• **Information shown**:
◆ ◆ ◆

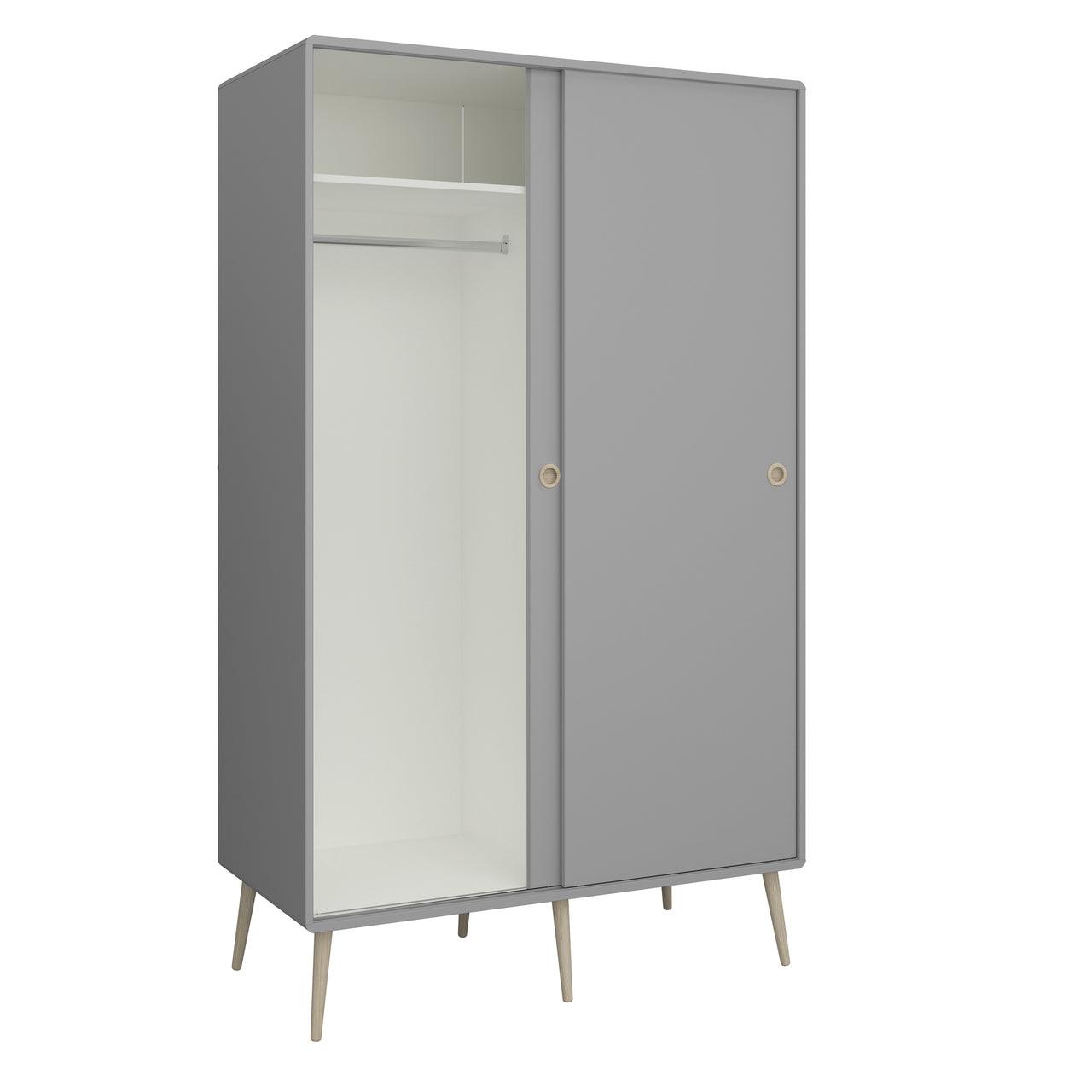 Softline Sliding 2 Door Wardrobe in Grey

◆ ◆ ◆

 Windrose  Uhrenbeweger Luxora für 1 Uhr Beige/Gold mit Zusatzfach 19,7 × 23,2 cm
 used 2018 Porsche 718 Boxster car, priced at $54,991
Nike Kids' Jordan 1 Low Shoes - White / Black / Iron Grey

◆ ◆ ◆

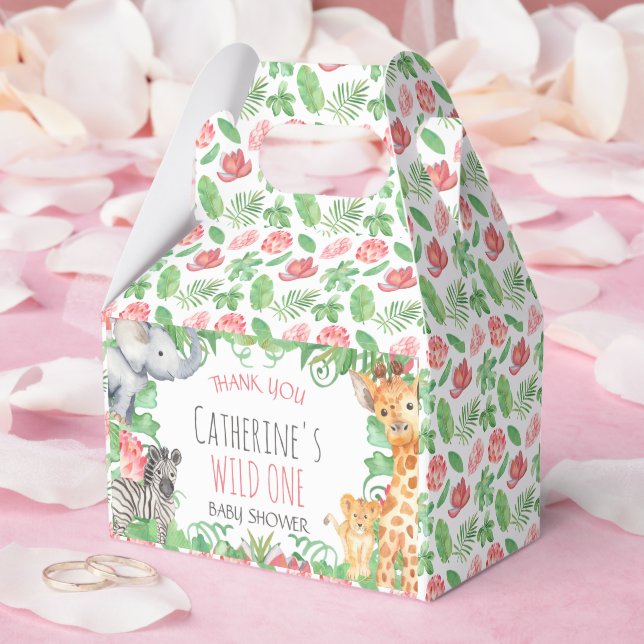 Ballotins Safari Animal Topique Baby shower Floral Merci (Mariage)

◆ ◆ ◆

• **Instructions to follow**:
Looking at the entries above, can you reproduce exactly the lines from the one that holds "used 2018 Porsche" through the one that holds "Nike Kids' Jordan", and only those?

• **Result for this task**:
 used 2018 Porsche 718 Boxster car, priced at $54,991
Nike Kids' Jordan 1 Low Shoes - White / Black / Iron Grey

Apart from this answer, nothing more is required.